Appeal from an order of the Supreme Court (Krogmann, J.), entered October 14, 2005 in Warren County, which, inter alia, denied the parties’ cross motions for summary judgment.
This action involves plaintiff’s easements over defendant’s real property on the shore of Lake George in the Town of Hague, Warren County. Defendant concedes that plaintiff possesses deeded easements granting him a right-of-way across his land along the northern boundary to the high water mark on Lake George and the right to construct a temporary floating or pole dock adjacent to the northern boundary.
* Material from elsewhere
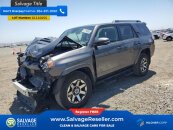 2021 Toyota 4Runner 4WD TRD Off-Road Premium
Flaintiff commenced this declaratory judgment action seeking injunctive relief and to quiet title after defendant forcibly removed and destroyed his dock, and constructed a residence allegedly encroaching on the deeded right-of-way (hereinafter northerly right-of-way). The parties’ dispute centers on whether plaintiffs cantilevered pole dock exceeded the scope of the deeded easement, whether defendant has impeded plaintiffs access along the northerly right-of-way, and whether plaintiff obtained an additional easement by prescription over defendant’s former driveway (hereinafter southerly right-of-way).
*858Following joinder of issue and a hearing on the matter, Supreme Court (Moynihan, Jr., J.) issued an order in May 2003 authorizing plaintiff to reconstruct the dock at defendant’s expense and enjoining defendant from impeding plaintiffs access, use and enjoyment of the southerly right-of-way for the purpose of reconstructing the dock. Defendant admittedly failed to perfect his appeal from that order. Thereafter, plaintiff reconstructed the dock and submitted a bill to defendant totaling approximately $35,000. Defendant refused to pay and plaintiff moved for enforcement of the May 2003 order and a money judgment covering the cost of the dock, as well as partial summary judgment quieting title to the deeded easements. Defendant cross-moved for summary judgment dismissing the complaint. Supreme Court (Krogmann, J.) ordered a hearing to determine the reasonable cost of the cantilevered dock reconstruction and otherwise denied the motions.* Defendant appeals and we now affirm.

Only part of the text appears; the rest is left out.